= About this task =
For the records below, output word for word the lines from the one with "New 2026 Volkswagen" up to and including the one with "Dusit Thani LakeView Cairo". No pictures.

= Supplied material =
########
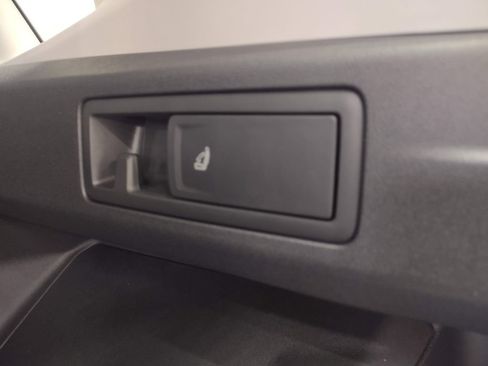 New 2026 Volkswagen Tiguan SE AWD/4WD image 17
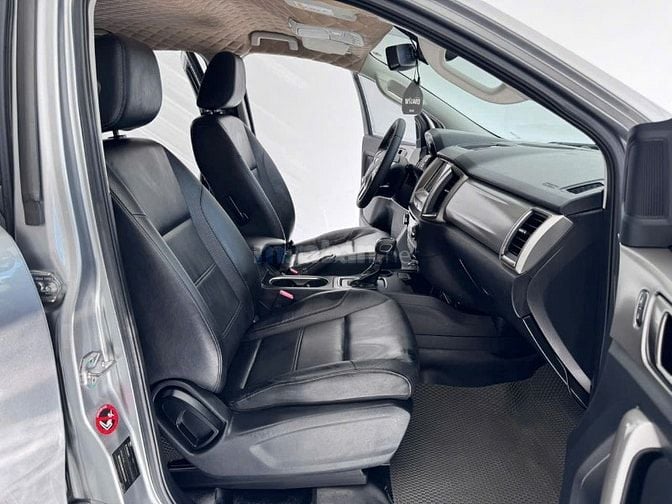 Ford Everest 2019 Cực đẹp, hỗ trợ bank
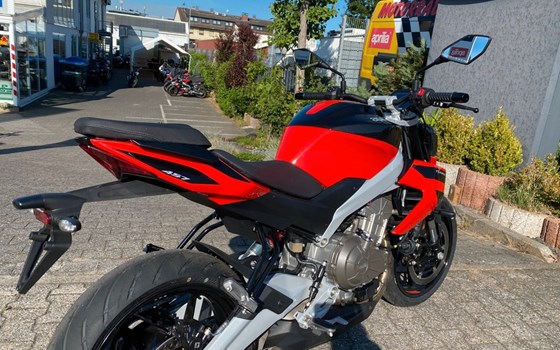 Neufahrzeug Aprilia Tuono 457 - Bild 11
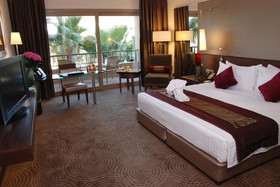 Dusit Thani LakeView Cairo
########
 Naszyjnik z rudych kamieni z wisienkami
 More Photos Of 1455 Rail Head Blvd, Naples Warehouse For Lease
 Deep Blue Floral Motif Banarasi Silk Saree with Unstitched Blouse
########
= Response =
 New 2026 Volkswagen Tiguan SE AWD/4WD image 17
 Ford Everest 2019 Cực đẹp, hỗ trợ bank
 Neufahrzeug Aprilia Tuono 457 - Bild 11
 Dusit Thani LakeView Cairo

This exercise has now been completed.